>>>

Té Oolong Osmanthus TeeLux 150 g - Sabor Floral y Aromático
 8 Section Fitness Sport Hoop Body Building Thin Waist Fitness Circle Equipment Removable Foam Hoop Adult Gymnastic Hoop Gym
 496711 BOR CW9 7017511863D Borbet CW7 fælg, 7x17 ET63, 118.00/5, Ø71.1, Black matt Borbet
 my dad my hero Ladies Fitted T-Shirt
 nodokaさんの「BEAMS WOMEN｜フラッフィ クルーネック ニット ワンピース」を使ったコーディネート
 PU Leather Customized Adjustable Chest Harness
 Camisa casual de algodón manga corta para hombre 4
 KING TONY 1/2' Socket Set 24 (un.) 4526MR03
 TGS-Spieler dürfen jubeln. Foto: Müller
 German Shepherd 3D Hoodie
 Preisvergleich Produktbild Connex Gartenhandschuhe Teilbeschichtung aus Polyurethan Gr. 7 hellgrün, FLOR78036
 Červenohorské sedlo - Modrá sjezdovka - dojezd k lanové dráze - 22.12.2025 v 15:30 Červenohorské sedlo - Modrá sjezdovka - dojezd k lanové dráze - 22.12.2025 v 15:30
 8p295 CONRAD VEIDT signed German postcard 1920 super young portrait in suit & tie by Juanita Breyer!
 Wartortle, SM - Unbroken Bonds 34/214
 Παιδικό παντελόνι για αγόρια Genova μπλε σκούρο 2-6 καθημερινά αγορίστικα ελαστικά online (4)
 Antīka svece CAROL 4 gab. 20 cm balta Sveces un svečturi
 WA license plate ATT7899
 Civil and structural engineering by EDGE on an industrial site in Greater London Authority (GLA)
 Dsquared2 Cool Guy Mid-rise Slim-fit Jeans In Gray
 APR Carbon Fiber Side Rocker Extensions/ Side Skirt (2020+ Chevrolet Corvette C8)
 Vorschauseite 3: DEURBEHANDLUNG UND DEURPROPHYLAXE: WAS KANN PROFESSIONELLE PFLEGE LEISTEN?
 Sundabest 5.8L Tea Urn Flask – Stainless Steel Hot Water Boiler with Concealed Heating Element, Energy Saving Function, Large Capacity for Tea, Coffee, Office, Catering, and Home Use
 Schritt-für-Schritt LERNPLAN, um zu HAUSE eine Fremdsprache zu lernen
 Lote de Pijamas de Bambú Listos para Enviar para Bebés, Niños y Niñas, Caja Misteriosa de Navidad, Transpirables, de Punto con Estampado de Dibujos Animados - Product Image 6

<<<

• **Prompt**: Copy out the lines above exactly, beginning at the one that contains "8p295 CONRAD VEIDT" and ending at the one that contains "Παιδικό παντελόνι για".

• **Response**:
 8p295 CONRAD VEIDT signed German postcard 1920 super young portrait in suit & tie by Juanita Breyer!
 Wartortle, SM - Unbroken Bonds 34/214
 Παιδικό παντελόνι για αγόρια Genova μπλε σκούρο 2-6 καθημερινά αγορίστικα ελαστικά online (4)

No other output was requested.